So it isn’t Jai Shree Krishna but Jai Dwarkadhish…
Saturday, 31 January, 2015
It’s 6:30 am and I’m still waiting for the tourist car. It arrives after fifteen minutes. I was planning to reach the first stop, a nearby Sun Temple, before sunrise. The temple isn’t known to many. I had found out about it at an online travel forum. After a few kilometres, the 20-something driver tells me that he has never heard of the temple so he calls up a friend. By then we have already passed the place and have to turn back. Idiot! And I was told that the driver knew the place! Luckily, the place is not far so we reach before sunrise. It feels good to be in this quiet and peaceful place before the sun comes up from the other side of the land. Outside the Sun Temple, there is a small temple of Lord Shiva in the middle of a water tank.
When I enter the small Sun Temple, I’m the only person there. A little later, the temple priest emerges from a room. A few minutes later, a youngster comes in with drums and then, a woman. At sharp 7.00 am, the priest draws aside the curtain and I get to see the deities. They are identical to the three deities (Jagannath, Subhadra and Balabhadra) of the famous Jagannath Temple in Puri, on the opposite end of the land. The aarti begins. After sunrise, the sky brightens for me to take pictures.
The Sun Temple…
The temple of Lord Shiva…
The next stop is the Nageshwar Jyotirlinga, about 10-15 minutes away. It is one of the 12 jyotirlinga (essence of Lord Shiva) shrines.
This tall statue of Lord Shiva dominates the temple complex…
I see pigeons everywhere. The floor of the temple complex is littered with their poop so after removing my shoes, I walk around carefully to the entrance door. I’m among the few early arrivals at the temple. So I get to spend a good time in the inner sanctum. Unlike other Shiva lingas this linga is made of Dwaraka Shila, a porous stone marked with small wheels, found in the Gomati creek. The shape of the linga is different too.
The morning landscape looks glorious…
On the way, I catch a view of Mithapur, a township of the Tata Chemical Factory. The third stop of the temple tour is at Gopi Talao, which is five minutes away. Gopi Talao is a place of religious importance and is mentioned in Hindu mythology and legends. The talao (pond) is a natural pond.

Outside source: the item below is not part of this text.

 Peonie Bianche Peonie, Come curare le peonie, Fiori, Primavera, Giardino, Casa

When the pond dries up in the summer, the soil is collected and turned into clay stones which are purchased by pilgrims as Gopi Chandan. These are considered auspicious for religious use and also sold as face packs. One of the girls tries to sell me a packet of it but I move away.
The fourth stop of the tour is ten minutes away at Okha Port, the land’s end on Saurashtra (or Kathiawar) peninsula. Primary engaged into fishing, it is visited by pilgrims for their trip to Beyt Dwarka (or Bet Dwarka or Bet Island), the island residence of Lord Krishna and his family. This is the place where I’m going too. The jetty is crowded with pilgrims from all over the country. Soon, I’m aboard one of the crowded ferry boats surrounded by noisy seagulls. It is very entertaining to see them catch the food thrown by the pilgrims. When the boat starts, they follow us for some time and then drop off.

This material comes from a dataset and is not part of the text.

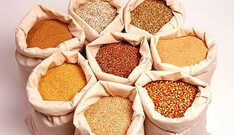 A importância dos grãos para sua saúde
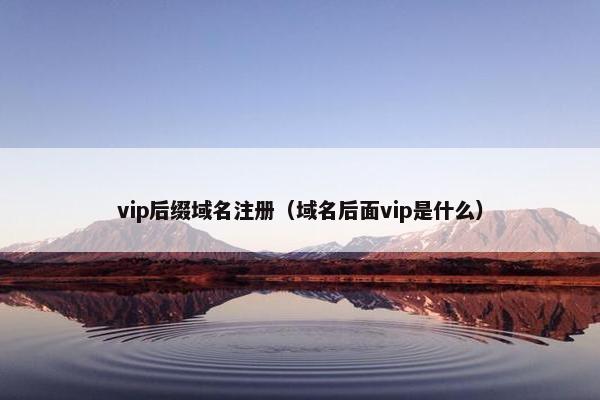 vip后缀域名注册（域名后面vip是什么）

After a 25-minute ride, we reach the island. Here too, we are greeted by seagulls. Beyt Dwarka is known for the old temple of Lord Krishna. It is said that this is the place where Krishna met his childhood friend Sudama. It is also said that Krishna used to conduct the administration of his kingdom from Dwarka while he resided with his family in Beyt Dwarka. Right now, all that I can see from the jetty is a disorganized growth of ugly, dilapidated buildings spread around the island. Soon, I find myself in the crowd of pilgrims walking away from the jetty in the direction of the temple. Not knowing its location, I hail an autorickshaw which looks quite big for the narrow road. It turns out to be a quick ride of less than a minute!
It is 8:50 am. The temple complex is filled with pilgrims, mostly from faraway villages across the country. Cameras and mobile phones have to be deposited at a counter before entering the temple so I do the same. One of the pandas (priests) gathers everybody, including me, and leads us into a room. There, he starts off with legends and stories of the temple and ends up talking about voluntary donations. A higher amount of donation results in higher benefits for the temple and temple priests as well as for the donors and their families. I leave the place and wait at the main temple where the deity is hidden behind a curtain. After a long wait, I finally get a glimpse of the deity when the curtain is drawn aside and the aarti begins. Later, one of the pandas gives me a quick tour of the cluster of old small temples when I let him after he says that it’s a free service. At the end of it, he says that if I feel like it, I can make a small donation and shows me the room where I had sat earlier. I’m just a budget traveller so maybe next time…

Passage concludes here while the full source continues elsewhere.